Tahran’da yaşananları hepimiz dehşetle izliyoruz. 22 Yaşında genç bir kız Mahsa Amini , “kıyafet kurallarına uymadığı” için hayatını kaybetti. İran’ın meşhur İrşad devriyeleri yani ahlak polisleri tarafından gözaltına alındıktan sonra hastaneye kaldırıldı 16 Eylül’de yaşamını kaybetti. Bir insanın saçı gözüktü diye öldürülmesi bu devirde kabul edilemez.
Tüm dünyaya seslerini duyurulmasını isteyen İranlı kadınlar, Saçlarını açtı ve özgürlük için mücadele etmeye başladı, bazı erkekler de bu eylemlere destek vermeye başladı.
Aşırı baskılar, ekonomik krizden bıkan yüzbinlerce İranlı sokaklara akın etti. Olaylar gittikçe çoğalmakta . Burada ki kadınlar gördükleri baskıdan yılmışlar. Yaşadığımız bu dönemde ahlak polisi diye bir kavramın olması insanı düşündürüyor.

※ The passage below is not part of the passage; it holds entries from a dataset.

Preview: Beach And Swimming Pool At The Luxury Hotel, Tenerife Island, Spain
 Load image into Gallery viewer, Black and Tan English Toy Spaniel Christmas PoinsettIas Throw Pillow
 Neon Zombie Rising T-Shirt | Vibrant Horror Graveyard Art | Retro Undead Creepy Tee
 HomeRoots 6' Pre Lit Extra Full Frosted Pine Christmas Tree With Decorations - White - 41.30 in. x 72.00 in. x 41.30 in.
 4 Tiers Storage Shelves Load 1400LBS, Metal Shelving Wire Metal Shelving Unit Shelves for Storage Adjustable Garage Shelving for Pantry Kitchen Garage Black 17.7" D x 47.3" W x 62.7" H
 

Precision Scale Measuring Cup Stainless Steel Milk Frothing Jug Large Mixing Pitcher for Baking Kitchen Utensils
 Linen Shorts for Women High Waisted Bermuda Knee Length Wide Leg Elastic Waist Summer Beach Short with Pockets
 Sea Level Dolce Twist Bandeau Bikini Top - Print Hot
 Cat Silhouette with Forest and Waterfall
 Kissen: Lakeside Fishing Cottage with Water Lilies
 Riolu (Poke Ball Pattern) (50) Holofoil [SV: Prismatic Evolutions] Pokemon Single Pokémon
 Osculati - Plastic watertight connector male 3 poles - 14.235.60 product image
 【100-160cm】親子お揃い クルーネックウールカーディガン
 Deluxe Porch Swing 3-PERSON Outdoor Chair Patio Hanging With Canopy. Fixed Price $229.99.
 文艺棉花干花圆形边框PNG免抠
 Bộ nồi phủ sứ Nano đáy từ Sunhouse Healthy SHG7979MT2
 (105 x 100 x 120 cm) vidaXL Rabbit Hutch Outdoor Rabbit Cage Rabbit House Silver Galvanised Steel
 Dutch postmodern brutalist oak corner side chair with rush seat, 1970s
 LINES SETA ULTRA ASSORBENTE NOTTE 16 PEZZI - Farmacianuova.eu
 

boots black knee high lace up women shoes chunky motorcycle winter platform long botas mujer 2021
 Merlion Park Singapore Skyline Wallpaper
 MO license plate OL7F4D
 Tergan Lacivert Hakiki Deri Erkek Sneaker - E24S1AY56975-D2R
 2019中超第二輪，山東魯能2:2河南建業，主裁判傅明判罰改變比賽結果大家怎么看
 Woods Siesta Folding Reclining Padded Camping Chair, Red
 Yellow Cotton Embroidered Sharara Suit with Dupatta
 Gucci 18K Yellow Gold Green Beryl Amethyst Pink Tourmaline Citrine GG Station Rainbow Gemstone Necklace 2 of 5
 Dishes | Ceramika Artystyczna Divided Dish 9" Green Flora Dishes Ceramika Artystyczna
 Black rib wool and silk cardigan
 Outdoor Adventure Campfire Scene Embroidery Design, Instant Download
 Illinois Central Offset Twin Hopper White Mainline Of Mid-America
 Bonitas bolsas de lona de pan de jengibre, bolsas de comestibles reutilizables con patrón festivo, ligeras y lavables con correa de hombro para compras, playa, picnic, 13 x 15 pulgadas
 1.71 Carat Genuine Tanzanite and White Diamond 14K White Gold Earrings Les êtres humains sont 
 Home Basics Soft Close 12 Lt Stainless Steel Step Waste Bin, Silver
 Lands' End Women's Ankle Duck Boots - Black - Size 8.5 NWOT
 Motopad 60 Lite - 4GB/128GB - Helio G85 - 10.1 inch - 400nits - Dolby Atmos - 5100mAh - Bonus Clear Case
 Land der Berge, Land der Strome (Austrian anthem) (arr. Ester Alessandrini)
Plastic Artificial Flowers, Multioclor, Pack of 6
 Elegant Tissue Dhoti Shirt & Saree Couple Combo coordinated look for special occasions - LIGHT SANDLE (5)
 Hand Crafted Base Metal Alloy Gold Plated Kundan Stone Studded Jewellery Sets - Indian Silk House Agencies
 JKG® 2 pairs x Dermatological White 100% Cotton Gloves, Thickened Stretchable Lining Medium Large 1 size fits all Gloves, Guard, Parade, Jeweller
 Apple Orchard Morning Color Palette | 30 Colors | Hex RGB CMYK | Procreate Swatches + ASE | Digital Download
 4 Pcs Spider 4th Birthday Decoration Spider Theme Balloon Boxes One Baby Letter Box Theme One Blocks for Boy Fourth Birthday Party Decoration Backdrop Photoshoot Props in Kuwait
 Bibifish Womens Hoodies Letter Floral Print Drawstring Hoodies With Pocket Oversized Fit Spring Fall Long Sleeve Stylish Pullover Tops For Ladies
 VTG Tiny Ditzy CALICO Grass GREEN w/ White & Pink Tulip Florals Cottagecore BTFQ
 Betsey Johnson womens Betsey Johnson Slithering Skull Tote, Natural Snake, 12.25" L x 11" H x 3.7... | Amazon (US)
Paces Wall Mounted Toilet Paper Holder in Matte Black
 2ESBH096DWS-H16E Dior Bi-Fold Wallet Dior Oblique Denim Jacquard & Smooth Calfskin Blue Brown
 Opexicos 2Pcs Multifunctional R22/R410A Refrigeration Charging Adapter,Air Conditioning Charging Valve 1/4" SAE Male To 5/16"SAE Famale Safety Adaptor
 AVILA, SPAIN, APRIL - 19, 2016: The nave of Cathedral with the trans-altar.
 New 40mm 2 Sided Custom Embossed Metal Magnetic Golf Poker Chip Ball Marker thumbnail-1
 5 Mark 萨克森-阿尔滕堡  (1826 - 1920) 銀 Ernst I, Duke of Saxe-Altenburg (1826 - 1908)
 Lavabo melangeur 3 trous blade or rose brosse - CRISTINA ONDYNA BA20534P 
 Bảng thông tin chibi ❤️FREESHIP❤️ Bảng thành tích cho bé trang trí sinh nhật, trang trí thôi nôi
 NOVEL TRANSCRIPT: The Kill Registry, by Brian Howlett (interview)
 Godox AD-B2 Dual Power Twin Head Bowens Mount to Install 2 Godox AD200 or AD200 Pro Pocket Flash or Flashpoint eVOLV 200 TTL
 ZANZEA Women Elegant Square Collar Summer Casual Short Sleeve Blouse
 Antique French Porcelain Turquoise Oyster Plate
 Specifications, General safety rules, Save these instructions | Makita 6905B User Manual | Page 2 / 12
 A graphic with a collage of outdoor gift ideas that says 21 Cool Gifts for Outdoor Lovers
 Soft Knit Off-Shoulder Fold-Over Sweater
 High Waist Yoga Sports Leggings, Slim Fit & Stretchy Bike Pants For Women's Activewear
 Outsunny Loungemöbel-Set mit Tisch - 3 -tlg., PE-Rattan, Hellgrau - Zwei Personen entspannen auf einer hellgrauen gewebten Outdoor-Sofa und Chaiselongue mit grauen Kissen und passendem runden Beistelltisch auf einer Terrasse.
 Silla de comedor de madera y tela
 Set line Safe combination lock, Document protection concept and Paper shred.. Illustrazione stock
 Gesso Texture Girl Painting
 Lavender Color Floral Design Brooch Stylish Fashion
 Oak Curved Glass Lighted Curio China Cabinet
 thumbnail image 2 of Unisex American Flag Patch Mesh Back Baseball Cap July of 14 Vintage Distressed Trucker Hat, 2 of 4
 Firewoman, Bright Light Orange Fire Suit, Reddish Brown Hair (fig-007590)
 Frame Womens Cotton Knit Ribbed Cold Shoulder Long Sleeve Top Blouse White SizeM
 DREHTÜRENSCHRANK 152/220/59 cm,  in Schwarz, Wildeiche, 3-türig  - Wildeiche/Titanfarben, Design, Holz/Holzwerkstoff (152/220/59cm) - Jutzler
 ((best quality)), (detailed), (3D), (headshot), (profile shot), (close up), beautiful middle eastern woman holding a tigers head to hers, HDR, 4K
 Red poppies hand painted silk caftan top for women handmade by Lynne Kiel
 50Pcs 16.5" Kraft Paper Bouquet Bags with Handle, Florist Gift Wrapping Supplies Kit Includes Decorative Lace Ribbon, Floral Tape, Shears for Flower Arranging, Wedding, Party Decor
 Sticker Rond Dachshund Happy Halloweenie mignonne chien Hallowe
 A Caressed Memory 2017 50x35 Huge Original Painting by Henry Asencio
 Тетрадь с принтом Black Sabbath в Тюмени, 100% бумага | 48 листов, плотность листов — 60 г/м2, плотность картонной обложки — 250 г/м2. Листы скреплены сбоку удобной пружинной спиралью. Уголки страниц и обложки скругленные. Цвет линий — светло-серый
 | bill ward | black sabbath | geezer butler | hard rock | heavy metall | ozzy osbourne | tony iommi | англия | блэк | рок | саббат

İranlı kadınlar, kız çocuklarının 9 yaşından itibaren baş örtüsü örtme zorunluluğu getiren yasaların değiştirilmesini istiyorlar. Bu isteklerinde de sonuna kadar haklılar.
Peki, kadın haklarının en iyi korunan ülkesi Çin desem. Çin kadınlarının her türlü hakkını koruma altına almış. Kimse tecavüz edemiyor hatta erkekler yolda kadına değerim düşüncesiyle bayağı dikkatli geçiyorlar. Kadın ve erkek eşitliğini son noktaya kadar gerçekleştirmeye çalışıyorlar. Diyorum ki keşke bizde de olabilse böyle şeyler.
Aslında kadına yönelik şiddet çoğu ülkede var. Toplum içinde, özel hayatta acı çekmesi, zarar görmesi kadınların hayatına korku ve güvensizlik getiriyor. Bunu sağlayan erkeklerde rahatlıkla kadın üzerinde her türlü tacizi hatta ölümü gerçekleştiriyorlar.
Bizim ülkemizde de kadın olmak çok zor. Her kesimin erkeğinde, kadını ezen bir bölüm var.
Kadın bizim toplumumuzda hep suçludur.
El altından erkekler, kadına yapılan her türlü olayda hatta ölümler de bile çok hafif ceza almakta ya da iyi halden çıkarılarak korunmaktadırlar.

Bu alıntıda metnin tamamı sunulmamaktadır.